(Short text fragments from websites)
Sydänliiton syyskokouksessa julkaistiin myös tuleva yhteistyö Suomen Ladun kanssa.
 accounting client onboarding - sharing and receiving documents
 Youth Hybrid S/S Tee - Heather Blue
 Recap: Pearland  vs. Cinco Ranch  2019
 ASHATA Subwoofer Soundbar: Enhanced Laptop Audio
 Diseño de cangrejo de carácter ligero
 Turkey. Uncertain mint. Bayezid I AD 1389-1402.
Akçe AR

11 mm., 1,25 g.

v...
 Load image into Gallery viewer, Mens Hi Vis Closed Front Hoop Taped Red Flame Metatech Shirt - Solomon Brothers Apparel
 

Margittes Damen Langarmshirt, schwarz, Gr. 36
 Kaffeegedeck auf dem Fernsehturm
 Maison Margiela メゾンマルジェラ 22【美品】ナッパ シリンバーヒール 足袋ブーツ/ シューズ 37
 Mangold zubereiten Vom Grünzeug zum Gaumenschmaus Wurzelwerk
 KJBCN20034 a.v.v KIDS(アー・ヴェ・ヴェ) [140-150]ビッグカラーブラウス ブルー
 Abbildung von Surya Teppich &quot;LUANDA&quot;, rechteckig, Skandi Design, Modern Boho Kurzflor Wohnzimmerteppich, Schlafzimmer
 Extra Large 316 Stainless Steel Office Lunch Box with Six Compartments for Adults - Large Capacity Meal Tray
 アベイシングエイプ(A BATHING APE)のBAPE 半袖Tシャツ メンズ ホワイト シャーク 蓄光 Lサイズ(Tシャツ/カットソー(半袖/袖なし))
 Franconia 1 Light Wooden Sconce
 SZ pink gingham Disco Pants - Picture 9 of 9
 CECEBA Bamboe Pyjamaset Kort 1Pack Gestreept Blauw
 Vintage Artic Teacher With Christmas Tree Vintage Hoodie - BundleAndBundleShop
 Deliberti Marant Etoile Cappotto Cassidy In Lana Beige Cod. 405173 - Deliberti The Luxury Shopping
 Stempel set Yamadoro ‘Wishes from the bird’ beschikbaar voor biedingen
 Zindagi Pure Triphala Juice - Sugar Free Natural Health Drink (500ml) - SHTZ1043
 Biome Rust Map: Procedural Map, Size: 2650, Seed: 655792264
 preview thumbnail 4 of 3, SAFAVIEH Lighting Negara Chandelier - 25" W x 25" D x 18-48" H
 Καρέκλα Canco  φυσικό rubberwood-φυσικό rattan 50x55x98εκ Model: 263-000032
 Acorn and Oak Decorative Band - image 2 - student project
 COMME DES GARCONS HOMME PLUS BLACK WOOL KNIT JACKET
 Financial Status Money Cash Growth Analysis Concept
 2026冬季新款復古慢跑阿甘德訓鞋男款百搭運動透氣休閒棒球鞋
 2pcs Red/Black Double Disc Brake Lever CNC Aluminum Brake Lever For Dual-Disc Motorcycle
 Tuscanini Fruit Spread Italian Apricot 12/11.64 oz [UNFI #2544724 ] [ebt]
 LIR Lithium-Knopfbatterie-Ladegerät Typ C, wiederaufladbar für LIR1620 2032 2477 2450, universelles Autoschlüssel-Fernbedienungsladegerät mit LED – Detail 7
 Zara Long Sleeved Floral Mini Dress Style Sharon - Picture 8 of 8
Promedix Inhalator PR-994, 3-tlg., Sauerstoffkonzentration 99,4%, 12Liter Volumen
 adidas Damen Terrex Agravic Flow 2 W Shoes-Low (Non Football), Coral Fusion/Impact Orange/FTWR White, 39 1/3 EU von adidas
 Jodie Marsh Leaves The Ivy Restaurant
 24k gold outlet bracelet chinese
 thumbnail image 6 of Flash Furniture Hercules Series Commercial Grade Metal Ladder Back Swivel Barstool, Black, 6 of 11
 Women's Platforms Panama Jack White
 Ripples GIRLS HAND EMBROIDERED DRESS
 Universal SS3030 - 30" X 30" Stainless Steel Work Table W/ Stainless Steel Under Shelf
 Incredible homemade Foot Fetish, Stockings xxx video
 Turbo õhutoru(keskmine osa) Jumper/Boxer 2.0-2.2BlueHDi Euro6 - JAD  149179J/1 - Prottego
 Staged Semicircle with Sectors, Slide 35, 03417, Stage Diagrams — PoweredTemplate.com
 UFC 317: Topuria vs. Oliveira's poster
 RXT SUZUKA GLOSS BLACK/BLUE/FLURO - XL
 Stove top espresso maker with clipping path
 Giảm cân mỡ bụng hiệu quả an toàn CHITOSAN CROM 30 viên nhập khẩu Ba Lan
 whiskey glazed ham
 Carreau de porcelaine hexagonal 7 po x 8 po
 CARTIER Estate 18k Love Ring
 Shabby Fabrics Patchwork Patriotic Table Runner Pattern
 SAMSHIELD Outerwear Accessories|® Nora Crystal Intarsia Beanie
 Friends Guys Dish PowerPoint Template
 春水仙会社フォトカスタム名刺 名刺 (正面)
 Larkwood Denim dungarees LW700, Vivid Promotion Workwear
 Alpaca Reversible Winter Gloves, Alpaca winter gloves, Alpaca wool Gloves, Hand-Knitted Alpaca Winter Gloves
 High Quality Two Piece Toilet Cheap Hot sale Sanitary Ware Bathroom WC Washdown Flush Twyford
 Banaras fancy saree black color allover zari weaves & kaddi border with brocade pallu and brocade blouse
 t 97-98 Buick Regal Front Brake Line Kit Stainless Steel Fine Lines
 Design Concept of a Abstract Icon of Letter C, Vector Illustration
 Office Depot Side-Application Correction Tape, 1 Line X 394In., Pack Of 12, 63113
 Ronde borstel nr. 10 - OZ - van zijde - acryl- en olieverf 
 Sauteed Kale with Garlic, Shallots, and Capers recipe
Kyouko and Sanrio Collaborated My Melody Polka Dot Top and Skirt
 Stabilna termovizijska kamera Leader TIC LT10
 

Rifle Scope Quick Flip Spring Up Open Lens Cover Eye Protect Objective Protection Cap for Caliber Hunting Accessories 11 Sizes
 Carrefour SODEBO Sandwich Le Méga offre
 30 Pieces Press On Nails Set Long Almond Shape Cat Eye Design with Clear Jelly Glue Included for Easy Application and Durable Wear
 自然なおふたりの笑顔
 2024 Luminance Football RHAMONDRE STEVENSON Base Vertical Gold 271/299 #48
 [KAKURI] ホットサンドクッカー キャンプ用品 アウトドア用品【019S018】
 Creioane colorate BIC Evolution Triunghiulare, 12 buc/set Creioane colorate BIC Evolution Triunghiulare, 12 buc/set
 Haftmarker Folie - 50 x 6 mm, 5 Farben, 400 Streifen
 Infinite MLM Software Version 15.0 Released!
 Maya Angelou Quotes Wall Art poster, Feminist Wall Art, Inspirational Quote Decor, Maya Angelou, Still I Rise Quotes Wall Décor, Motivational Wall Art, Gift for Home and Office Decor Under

Work item: Here the job is to transcribe the lines from the first line of the data through the line containing "KJBCN20034 a.v.v KIDS(アー・ヴェ・ヴェ)", inclusive, exactly and with nothing else.

Task answer:
Sydänliiton syyskokouksessa julkaistiin myös tuleva yhteistyö Suomen Ladun kanssa.
 accounting client onboarding - sharing and receiving documents
 Youth Hybrid S/S Tee - Heather Blue
 Recap: Pearland  vs. Cinco Ranch  2019
 ASHATA Subwoofer Soundbar: Enhanced Laptop Audio
 Diseño de cangrejo de carácter ligero
 Turkey. Uncertain mint. Bayezid I AD 1389-1402.
Akçe AR

11 mm., 1,25 g.

v...
 Load image into Gallery viewer, Mens Hi Vis Closed Front Hoop Taped Red Flame Metatech Shirt - Solomon Brothers Apparel
 

Margittes Damen Langarmshirt, schwarz, Gr. 36
 Kaffeegedeck auf dem Fernsehturm
 Maison Margiela メゾンマルジェラ 22【美品】ナッパ シリンバーヒール 足袋ブーツ/ シューズ 37
 Mangold zubereiten Vom Grünzeug zum Gaumenschmaus Wurzelwerk
 KJBCN20034 a.v.v KIDS(アー・ヴェ・ヴェ) [140-150]ビッグカラーブラウス ブルー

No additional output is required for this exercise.